Transcribe the data underneath exactly. No images belong in your version.

- [Information supplied]:
------------------------------------------------------------

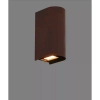 Lampa na elewację góra-dół BADIA brązowa W0470 2xLED 12W 3000K IP65 ogrodowa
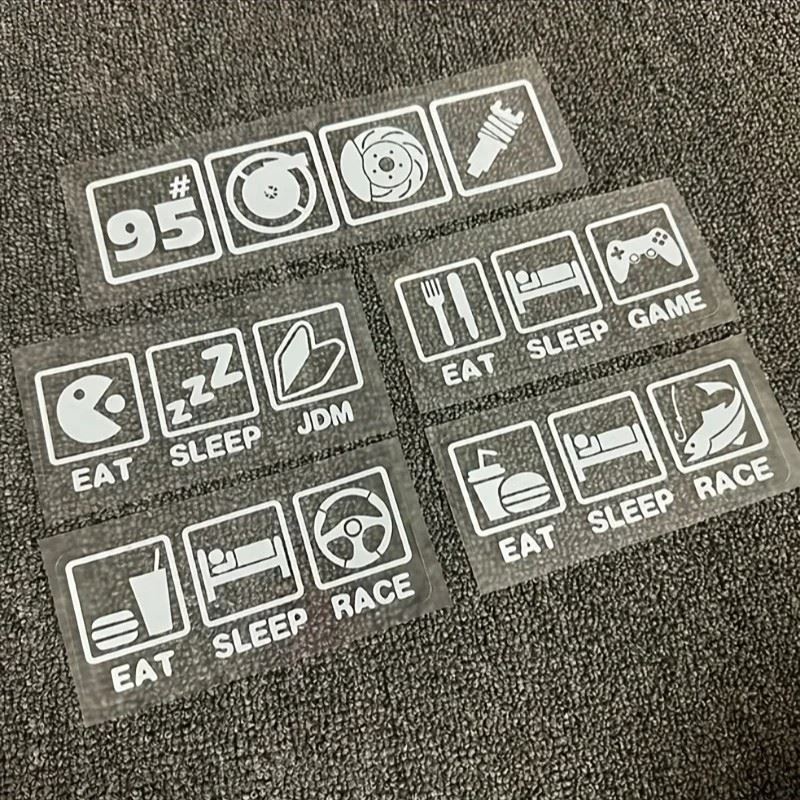 5PCS/SET JDM - Style Car Sticker Set factory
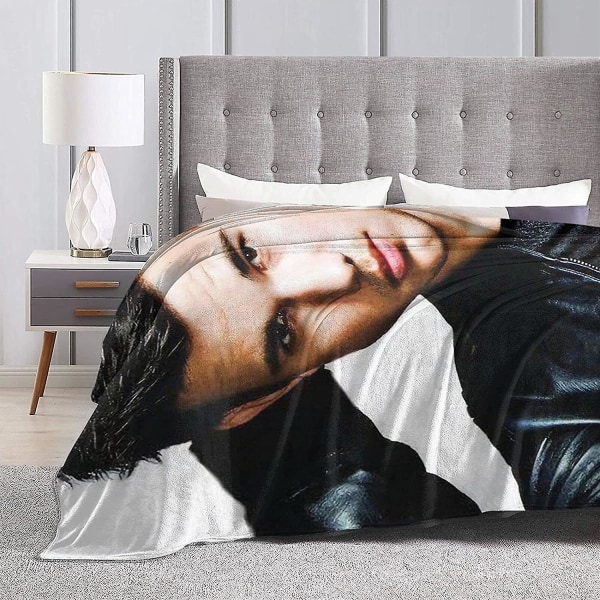 Taylor Lautner filt Jacob Black Ultramjuk flanellfilt 3d- print Fluffig plyschfilt Sängkläder Inredning Sängfilt För Vardagsrum Sovrum Sovsal D 60x50in 150x125cm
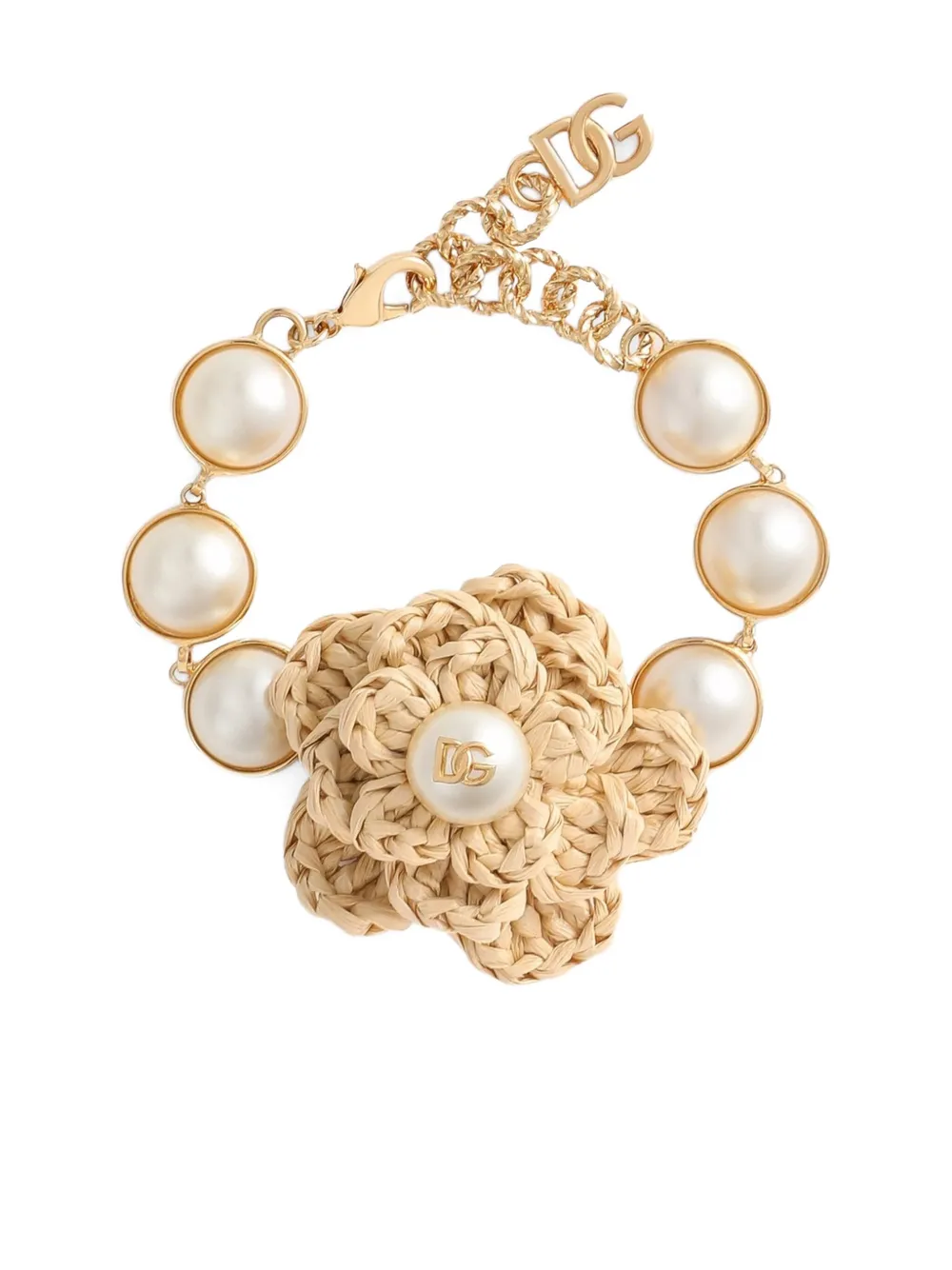 Dolce & Gabbana Raffia Flower Bracelet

------------------------------------------------------------

- [Your response]:
 Lampa na elewację góra-dół BADIA brązowa W0470 2xLED 12W 3000K IP65 ogrodowa
 5PCS/SET JDM - Style Car Sticker Set factory
 Taylor Lautner filt Jacob Black Ultramjuk flanellfilt 3d- print Fluffig plyschfilt Sängkläder Inredning Sängfilt För Vardagsrum Sovrum Sovsal D 60x50in 150x125cm
 Dolce & Gabbana Raffia Flower Bracelet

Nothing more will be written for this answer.